Exercise details: Quote the records beneath, complete and exact. Leave out images.

Task material:
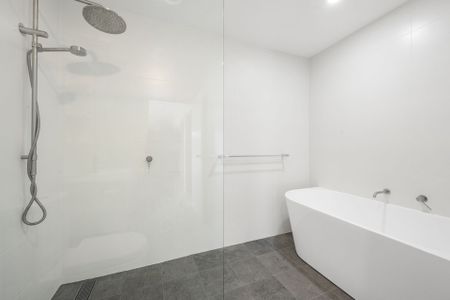 Modern Family Home with Studio - Photo 3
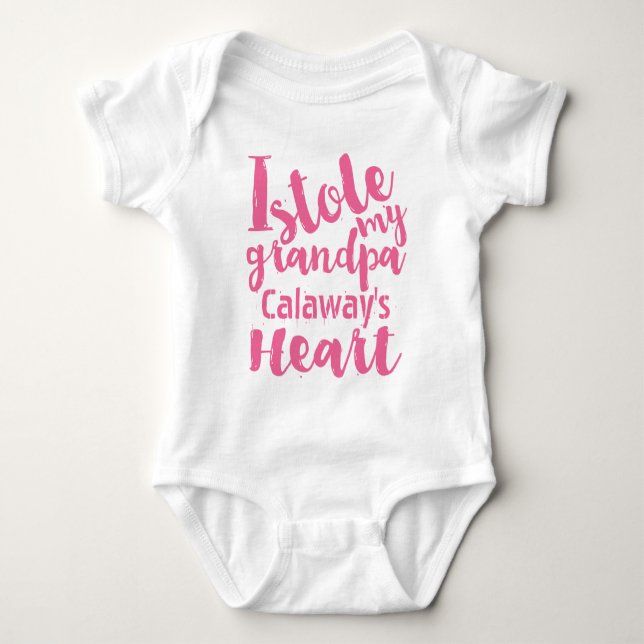 Rosa Typografie Stole Mein Großvater Herz mit Name Baby Strampler (Vorderseite)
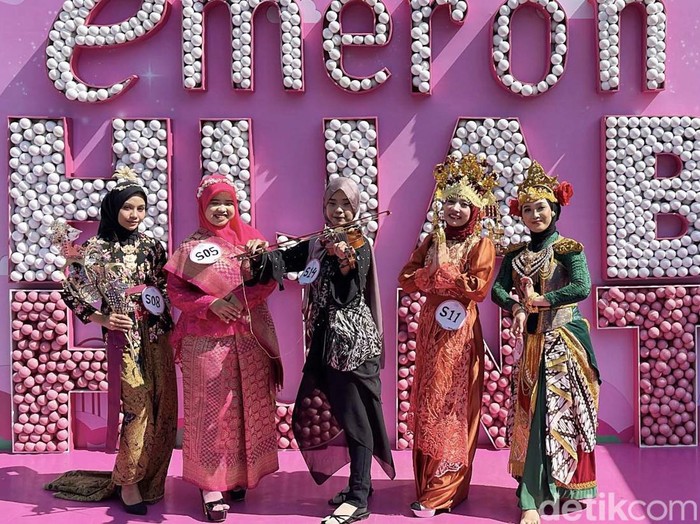 Foto suasana peserta yang mengikuti audisi Emeron Hijab Hunt 2024 di Solo Paragon Lifestyle Mall, Solo, Jawa Tengah, Minggu (4/8/2024).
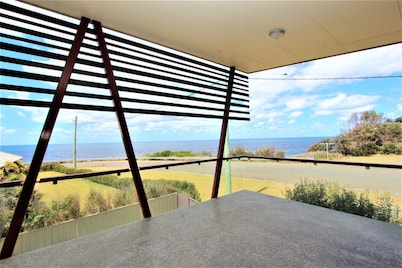 The ultimate property for the family with amazing views to whale watch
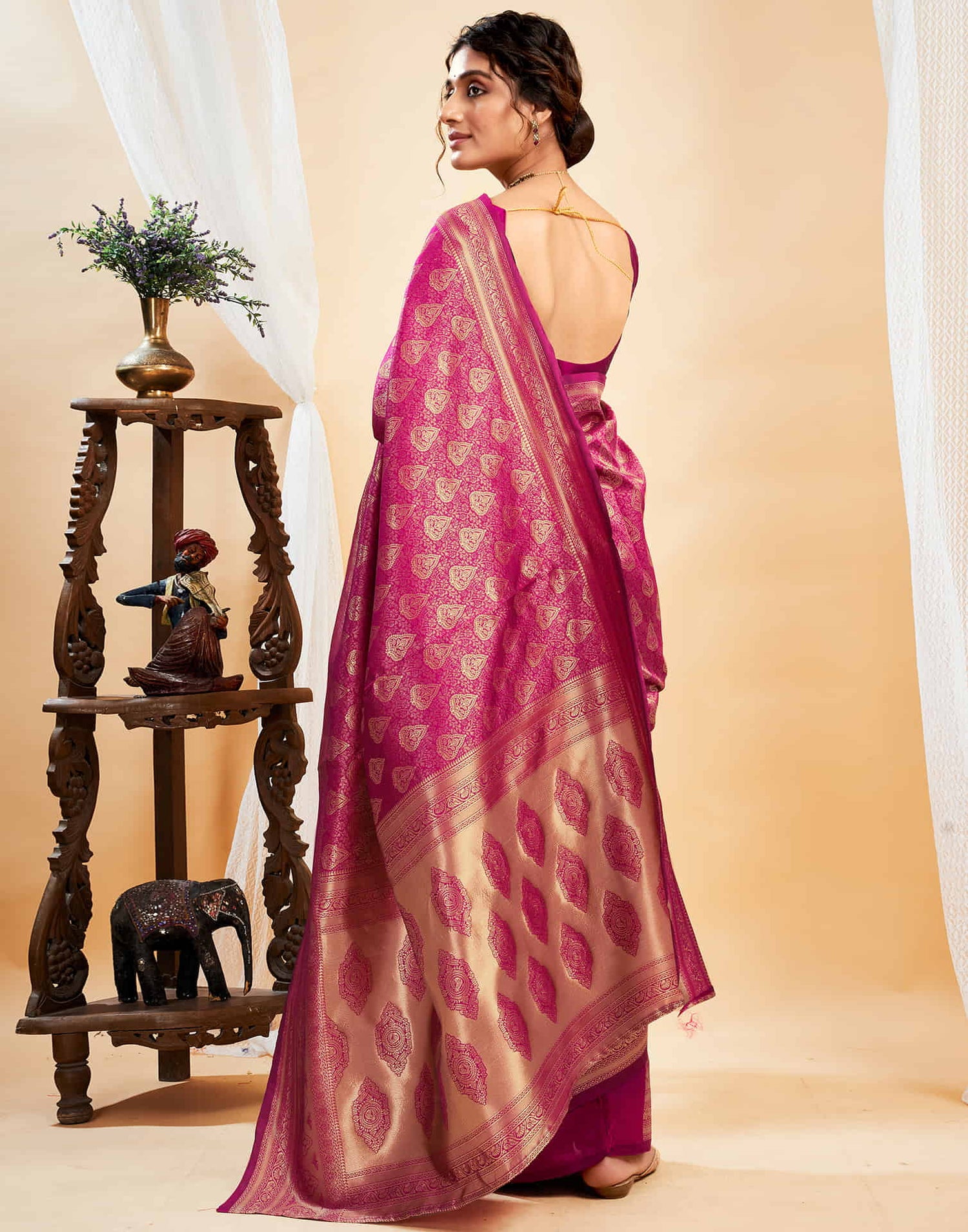 Pink Silk Blend Woven Banarasi Saree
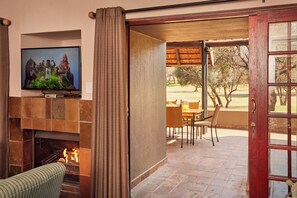 TV - First Group Magalies Park (Hartbeespoort)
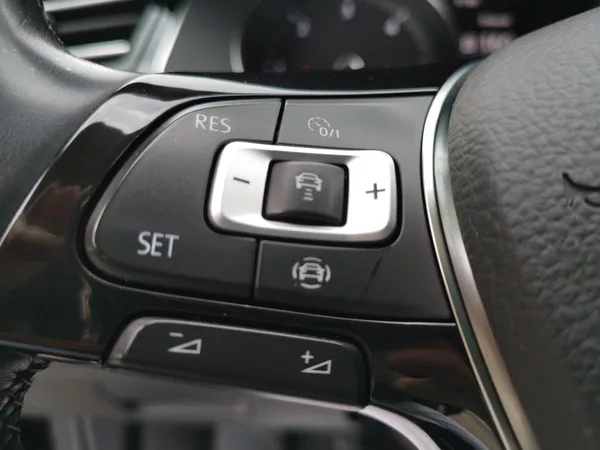 Volkswagen Passat HIGHLINE*110KW*LED*ALCANTARA* - foto 57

Your solution:
 Modern Family Home with Studio - Photo 3
 Rosa Typografie Stole Mein Großvater Herz mit Name Baby Strampler (Vorderseite)
 Foto suasana peserta yang mengikuti audisi Emeron Hijab Hunt 2024 di Solo Paragon Lifestyle Mall, Solo, Jawa Tengah, Minggu (4/8/2024).
 The ultimate property for the family with amazing views to whale watch
 Pink Silk Blend Woven Banarasi Saree
 TV - First Group Magalies Park (Hartbeespoort)
 Volkswagen Passat HIGHLINE*110KW*LED*ALCANTARA* - foto 57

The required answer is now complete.